Ellen Gracie tinha pedido vista do recurso da OAB em junho, quando ocorreu um empate. Os ministros Eros Grau (relator) e Cezar Peluso rejeitaram o pleito da entidade, enquanto Joaquim Barbosa e Celso de Mello votaram em sentido contrário. O presidente da OAB, Cezar Britto, sustentou, no plenário da turma, que o STJ perpetrou ilegalidade e frontal descumprimento de deveres constitucionalmente instituídos , por não ter ao fim de três votações selecionado nenhum dos seis candidatos apresentados pela entidade à vaga destinada a advogado, apesar de preencherem os requisitos constitucionais de notável sabe jurídico e reputação ilibada .
Grau e Peluso entendiam que o fato de nenhum dos seis candidatos indicados pela OAB, com base no artigo 104 da Constituição, ter alcançado o mínimo de 17 votos dos 33 ministros do STJ, equivale a uma rejeição da lista sêxtupla, cabendo à entidade providenciar nova lista para a vaga em questão.
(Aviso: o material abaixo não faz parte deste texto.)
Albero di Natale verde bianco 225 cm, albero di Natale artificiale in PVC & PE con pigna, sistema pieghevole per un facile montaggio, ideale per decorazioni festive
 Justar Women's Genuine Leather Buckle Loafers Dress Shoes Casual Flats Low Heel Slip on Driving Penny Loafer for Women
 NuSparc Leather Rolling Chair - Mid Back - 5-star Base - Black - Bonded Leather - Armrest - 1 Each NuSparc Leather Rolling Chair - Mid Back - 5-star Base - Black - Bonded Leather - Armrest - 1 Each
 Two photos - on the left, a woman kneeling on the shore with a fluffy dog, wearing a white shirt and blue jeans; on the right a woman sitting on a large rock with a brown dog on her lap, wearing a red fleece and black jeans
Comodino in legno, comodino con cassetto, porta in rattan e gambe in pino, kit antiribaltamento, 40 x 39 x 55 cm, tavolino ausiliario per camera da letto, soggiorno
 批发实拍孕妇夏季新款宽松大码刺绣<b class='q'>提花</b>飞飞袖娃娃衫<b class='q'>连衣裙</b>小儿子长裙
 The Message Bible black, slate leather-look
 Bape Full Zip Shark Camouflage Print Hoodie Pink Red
Barbosa e Celso de Mello consideravam que o STJ podia recusar a lista do chamado quinto constitucional, mas devia a justificar a decisão.
No voto decisivo desta terça-feira, Ellen Gracie ressaltou que, em três escrutínios, nenhum dos candidatos apresentados pela OAB lograra obter o quorum mínimo, e que não tinha sentido a justificação dos votos em sessão secreta. Os advogados cujos nomes não foram aceitos, indiretamente, para ocupar a vaga do ministro aposentado Pádua Ribeiro eram os seguintes: Flávio Cheim (ES), Cezar Roberto Bitencourt (RS), Marcelo Lavocat Galvão (DF), Bruno Espiñeira Lemos (BA), Roberto de Freitas Filho (PI) e Orlando Maluf Haddad (SP).
De acordo com o artigo 104 da Constituição, o STJ deve ter um terço de suas vagas destinado, em partes iguais, a advogados e membros do Ministério Público, escolhidos pelos ministros em listas sêxtuplas, enviadas ao tribunal pela OAB e pelo MPF, respectivamente. Dessas listas são selecionados três nomes, que são encaminhados ao presidente da República, a quem cabe as escolhas definitivas.